Unfortunately the current data is not easily “migratable” so when we make this change your event history for the last seven days will not be available. This event history will begin to build again once the migration is complete. This change should not affect control of your devices or any automations you have setup. You can expect this change to happen around 10am PST on 1/22/16.
The goal of this change is to help a lot of the platform instability you have seen that last couple days. We are confident this will resolve a lot of this problems you may be seeing.
We apologize for any inconvenience this might cause for you. Please reach out to me, @slagle, if you have any questions or concerns. We thank you in advance for any patience you can give us.
I agree. I’m starting to see some positive changes happen finally. I notice a pretty large performance increase in device response since yesterday’s update. I realize things have been rocky this last week but for the most part everything has been working for my home and I have just over 100 devices.
So for once I would like to give SmartThings some positive posts and props on definitely seeing improvements to the platform.

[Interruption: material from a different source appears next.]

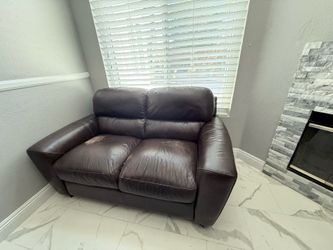 Jerome’s brown sofa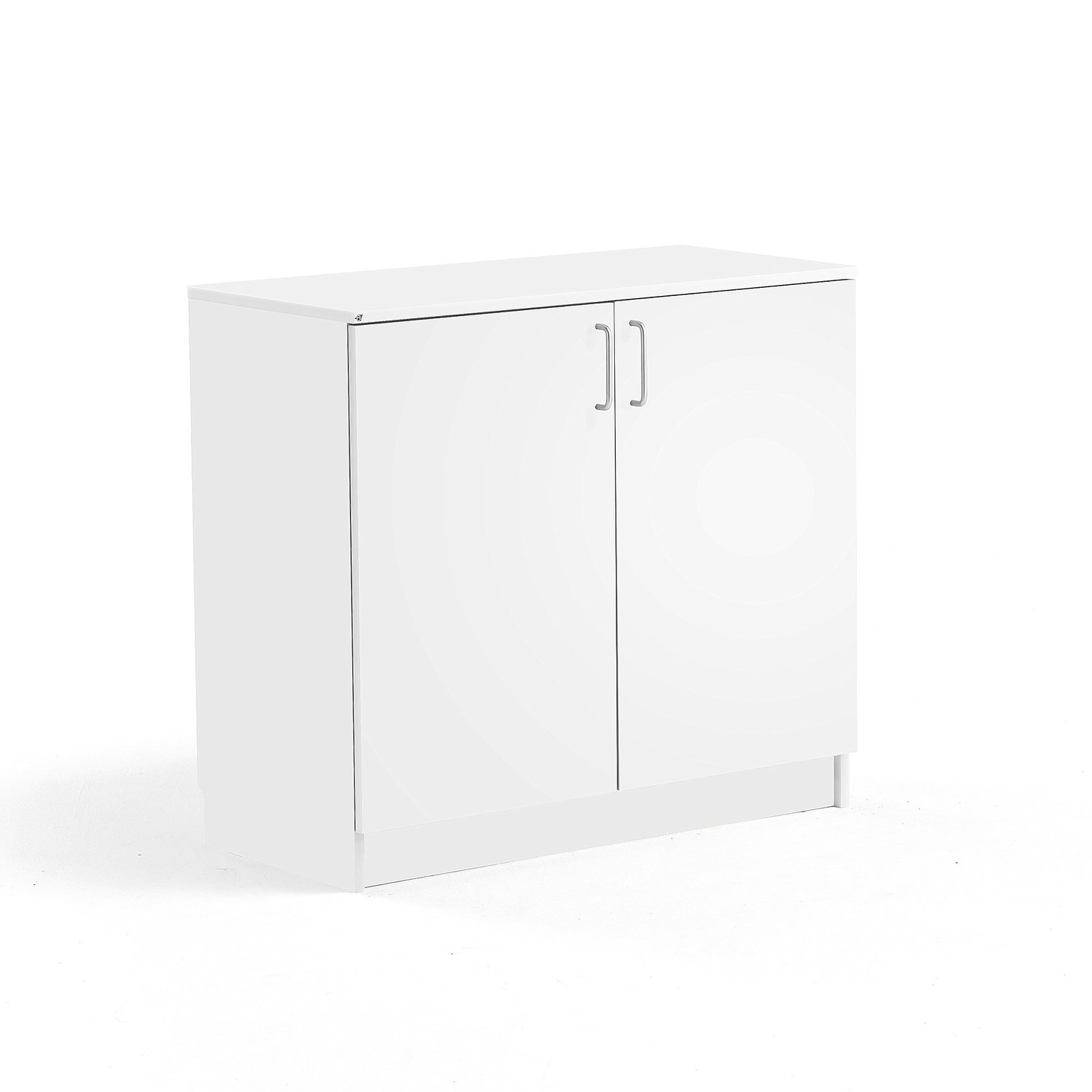 Low wooden storage THEO, 1 shelf, 6 drawers, white AJ Products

Fingers crossed that the update goes off without a hitch today
Although I’m happy to see ST has found the cause and is addressing it, the IT Director side of me is a bit disappointed. Server loads, whether it is processor, memory, network, or app specific utilization, are something that can easily be monitored and trended. (is that even a word?) Although I can’t say for sure since I’m not sitting in their meetings and I tell my team “I want facts, not feelings,” it “feels” like ST tends to be more reactionary rather than proactive when it comes to back-end infrastructure. I was hoping that the Samsung purchase would have changed that and given ST the resources to quickly scale both strategic and on-demand infrastructure. Perhaps there are other issues in the relationship here that are afoot. (my Sherlock word for the day)

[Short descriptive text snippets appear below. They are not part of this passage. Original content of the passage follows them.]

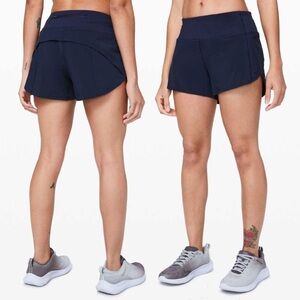 Navy Lululemon Speed Up Shorts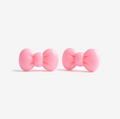 Large Pink Bow Stud Earrings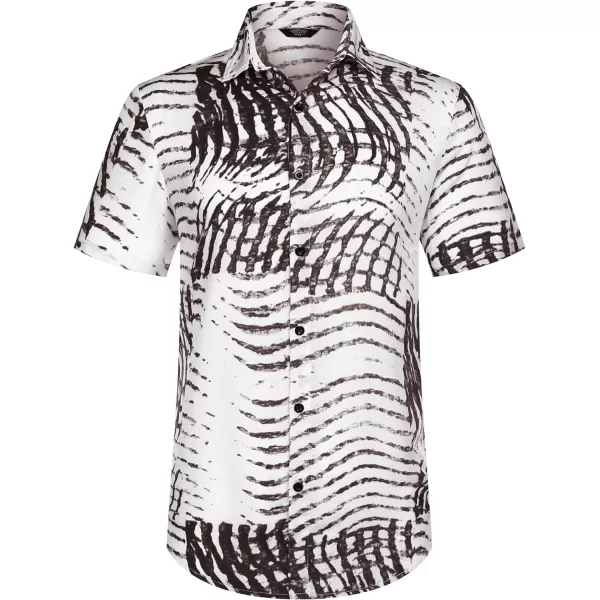 COOFANDY Men's Hawaiian Matching Set Summer Beach 2 Piece Outfits Flower Shirts and Shorts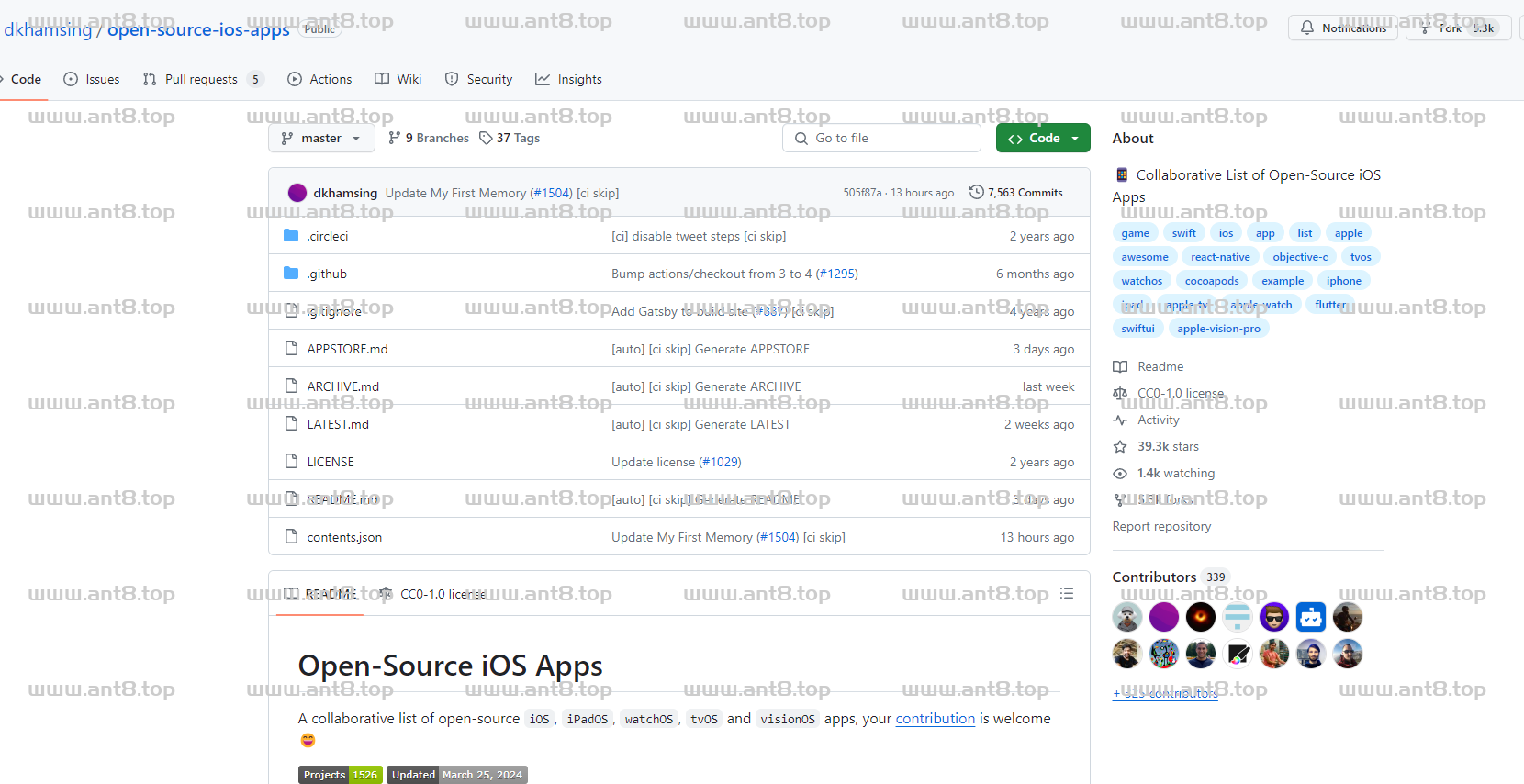 开源 iOS 应用程序-Open Source iOS Apps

So, again, I’m very happy to see progress on this issue, but I’m a bit saddened that issues have to become very massive before a change is made.
I don’t think they have started to to the database upgrade yet so any performance improvement is not a result of that. Later on today will be the real test. I do think these Friday afternoon upgrades is a crazy time to be doing these things.
I have the same thoughts myself(Granted i’m not a Director). My inability to ignore these technical issues would have caused me to fix this stuff months ago, but then again I don’t have the giant Samsung standing over my shoulder telling me what my agenda will be. Either way things can’t get much worse with the exception of a total platform outage, it can only get better from here.
Maybe not to a fully functional system, but that’s not quite what we have here. If they don’t do anything, the platform’s hosed for another three days until Monday. I applaud their willingness to abandon read-only Friday! =)
The engineer in me is dying to know the specifics of what’s going on in the infra. I’ve never been through a ‘upgrading and adding more database clusters’ operation where there was data loss. Indeed, the entire point of a cluster is that you can scale it horizontally without having do introduce downtime or data loss.
From what I can sleuth out, ST uses MySQL, and Cassandra. Cassandra, being a NoSQL database, is likely the datastore responsible for keeping our event data. Cassandra was architected from the ground up to be easily scaled, so I wonder what they’re doing to the cluster that is making data loss a possibility.
To be clear, I’m not criticizing. I could care less about that data, and a trade for stability is one I’d make every time. Something tells me that this is more than just scaling out the database layer though.
@slagle’s post about ‘learning a lot’ from this last issue tells me that they identified something big, and are making moves to fix it. When the dust settles, I’d love to see a post-mortem about what all was done to fix things. Curious geeks want to know!!!